Apache SystemDS 2.1.0 Release Notes

SystemDS 2.1 is a minor release. This release contains major improvements to existing features, a large number of fixes, and some experimental features to better support the end-to-end data science lifecycle. In addition to that, this is the last release with Java 8 and Spark 2.x.

The major changes (compared to SystemDS 2.0) include

  • Federated Backend: Extended operations and built-ins to support various workflows and algorithms. Extended parameter server for federated training of Neural Networks.
  • A wealth of new and improved built-in functions including support for string operations, time-series analysis, data cleaning, grid search hyperparameter tuning, multi-threaded feature transformations.
  • Better support for Eval and list data structure.

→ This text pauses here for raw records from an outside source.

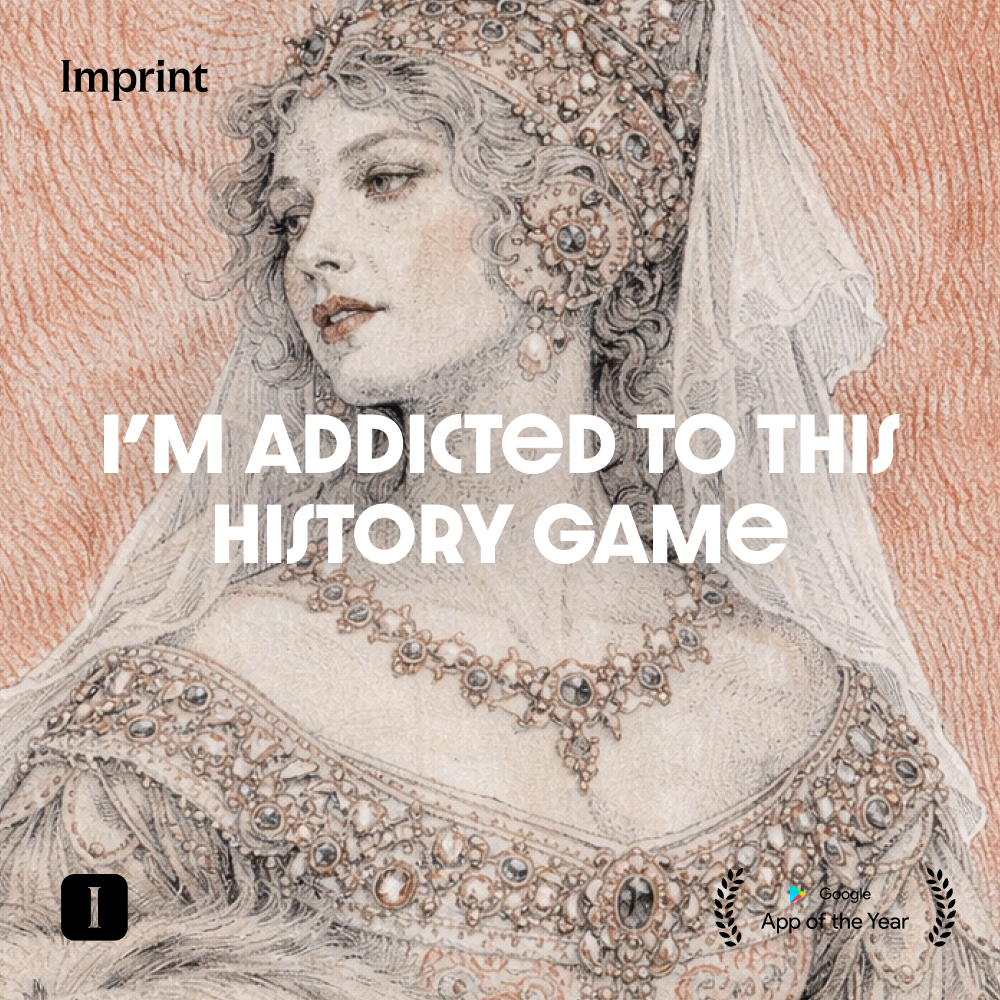 Imprint: Learn Visually Facebook ad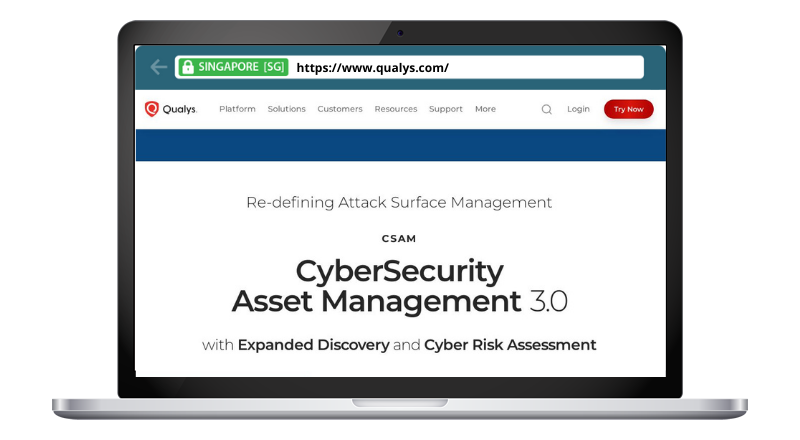 Qualys Singapore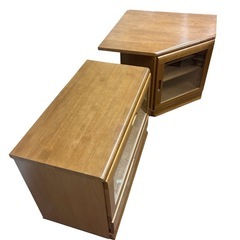 テレビ台 収納家具 テレビボードの画像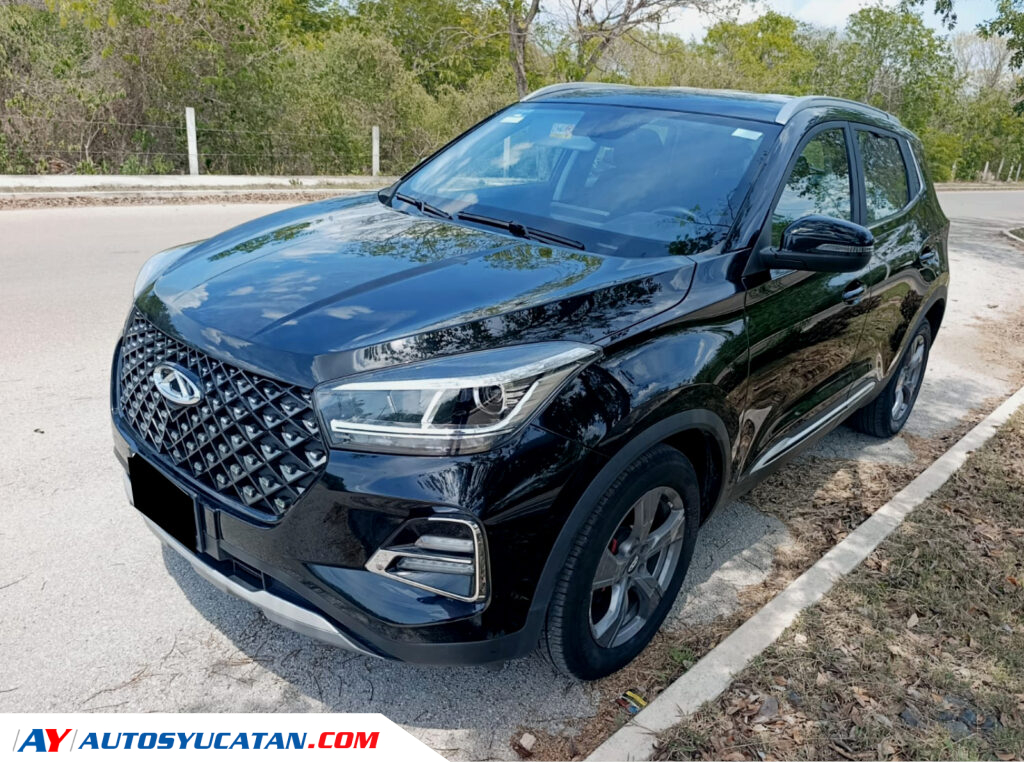 Chirey Tiggo 4 Pro 2023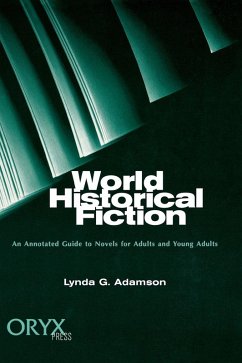 World Historical Fiction - Adamson, Lynda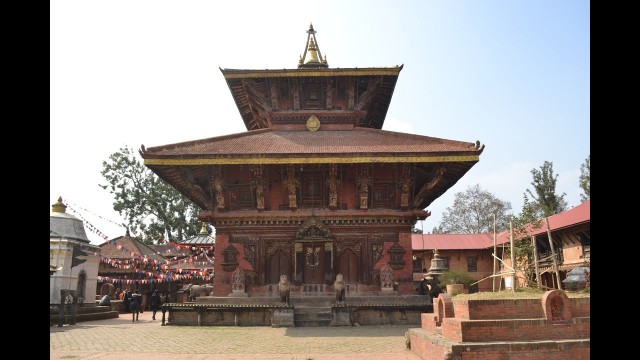 Watch Global Treasures - CHANGU NARAYAN - Nepal Online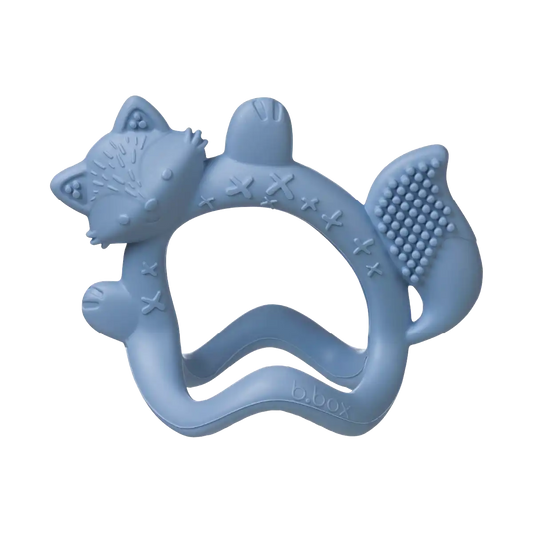 b.box + Lansinoh Wrist Teether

  • Various performance improvements in SystemDS’ local, distributed, and native runtimes.
  • Python API: Source functionality to allow arbitrary DML script, auto-generated Python API for all built-in functions, list support allowing Pytonic access and manipulation of lazily evaluated DML elements, multi return continuation, allowing continued execution past calls to builtin functions.
  • GPU Backend: Various performance improvements and fixes, cuda code refactor, cuda code generation [experimental].

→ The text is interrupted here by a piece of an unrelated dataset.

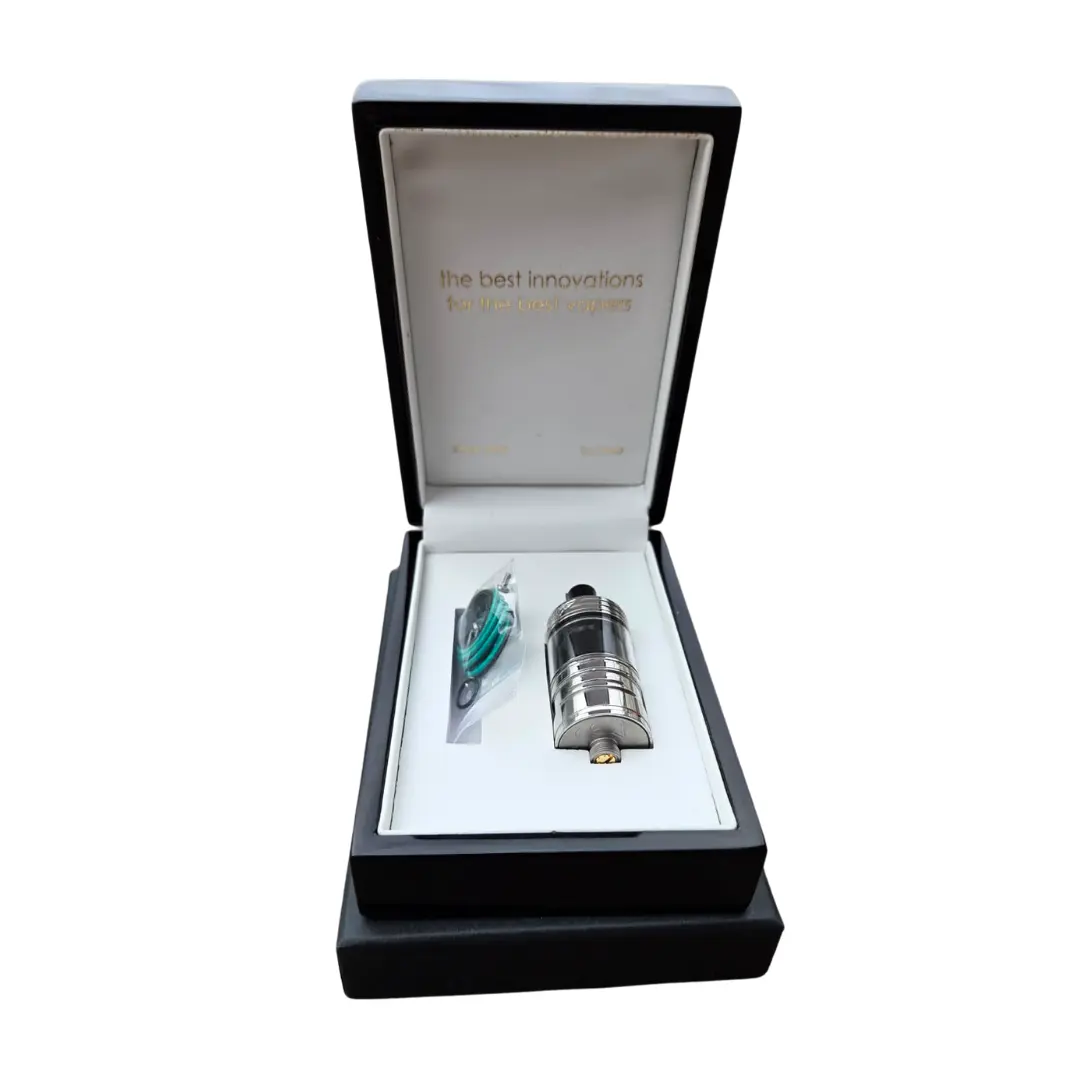 Golden Greek Triton RTA - Image 5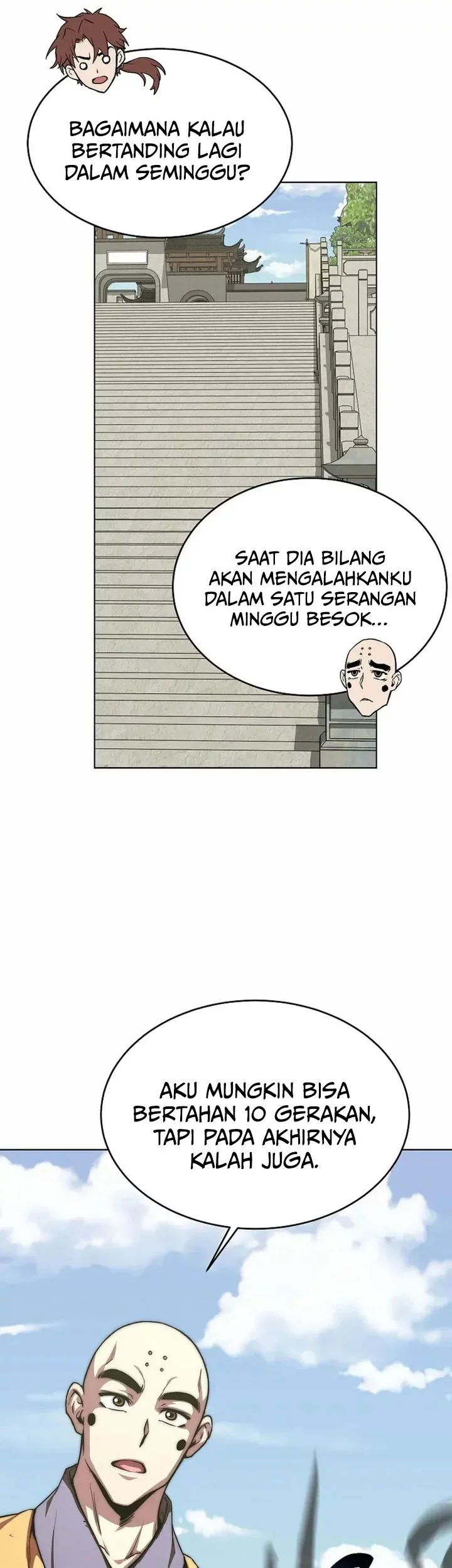 Youngest Son of the NamGung Clan Chapter 92 Gambar 29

  • Lineage Tracing and Reuse: Initial support for federated and GPU backends, new hybrid lineage deduplication and reuse of compressed lineage DAGs, lineage cache benefits estimator, improved cache eviction logic.
  • Usability: Better Log4j integration, debug flag to reduce error logging, support for remote debugging.
  • Miscellaneous Improvements: Improved documentation, better testing, streamlined release process.